WHAT THE TASK ASKS: Pictures stay out; everything else in the records below is copied exactly.

STORED DATA:

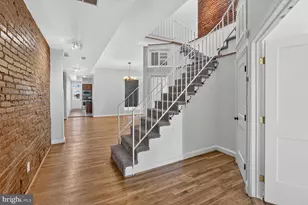 1317 Irving St NW, Washington, DC 20010 - Photo 6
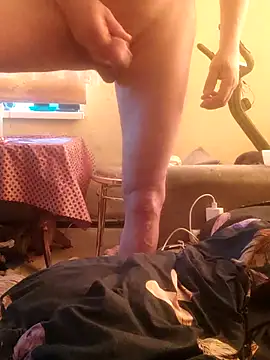 Osmon online show from 03.05.25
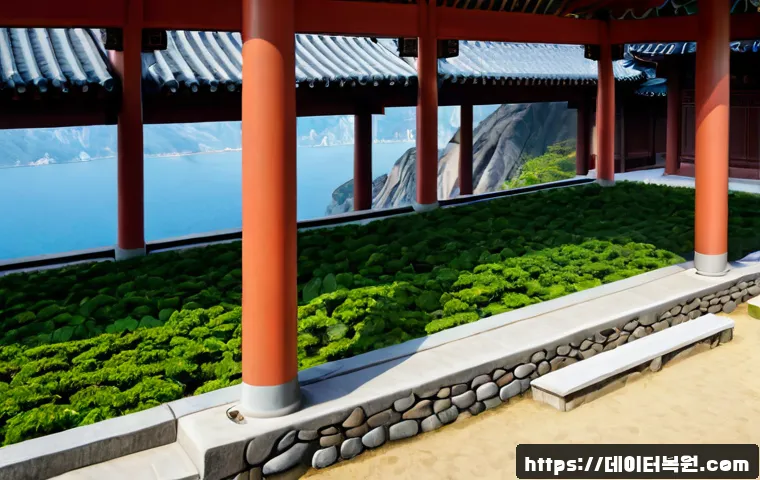 노량진 그래픽카드조립 및 교체수리 관련 이미지 5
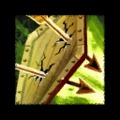 Thumbnail for version as of 03:08, 20 August 2025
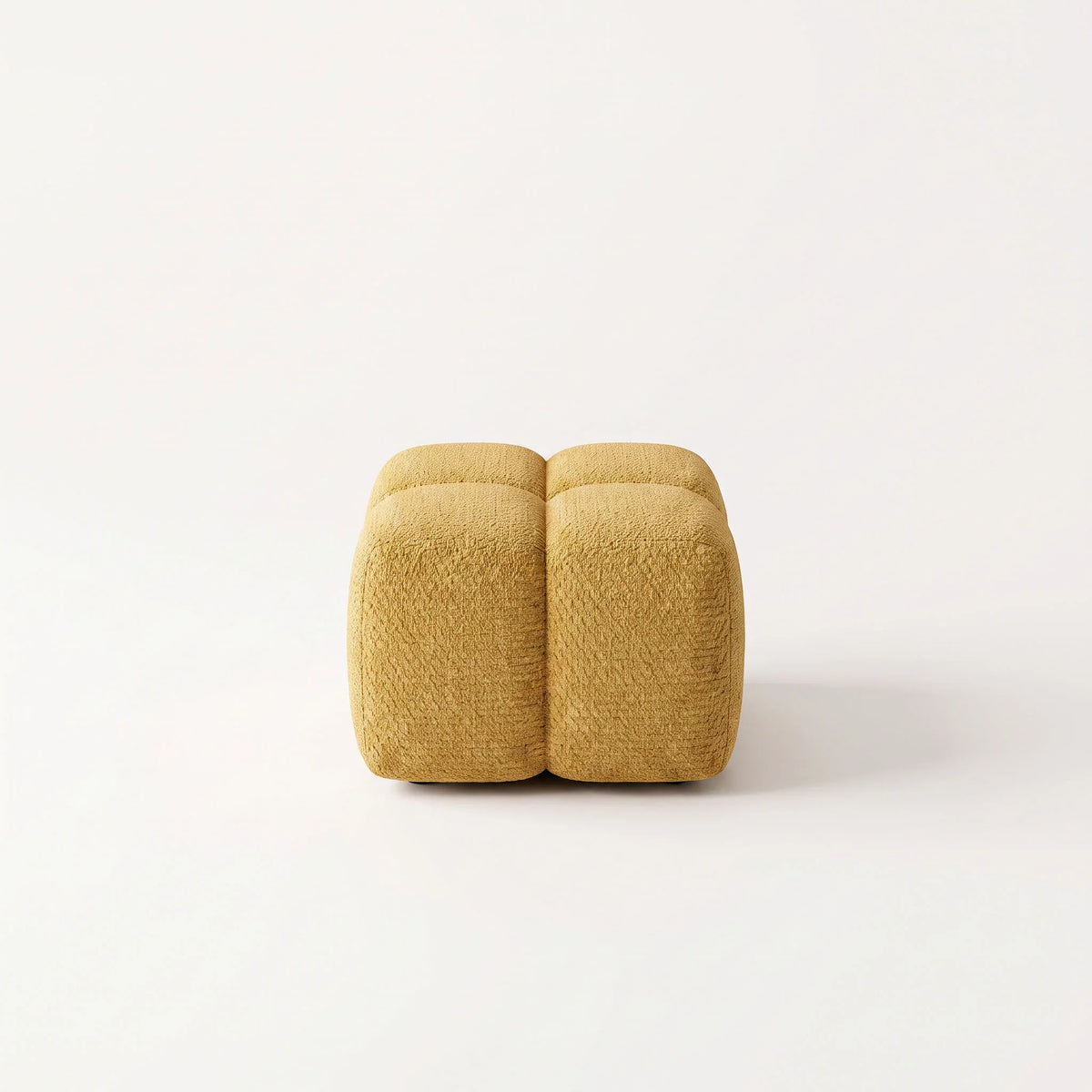 Pouffe Modul Umbria (Klein)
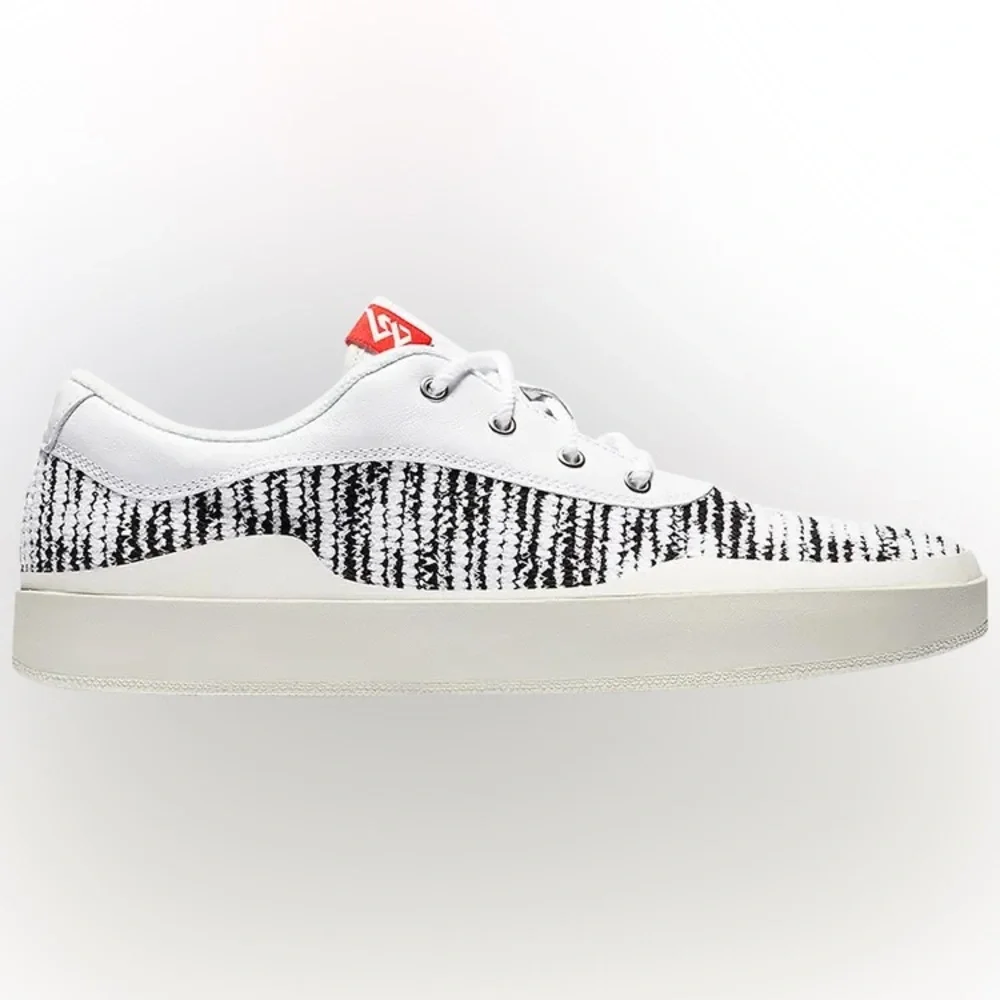 Jordan Westbrook 0.3 Static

WORKED SOLUTION:
 1317 Irving St NW, Washington, DC 20010 - Photo 6
 Osmon online show from 03.05.25
 노량진 그래픽카드조립 및 교체수리 관련 이미지 5
 Thumbnail for version as of 03:08, 20 August 2025
 Pouffe Modul Umbria (Klein)
 Jordan Westbrook 0.3 Static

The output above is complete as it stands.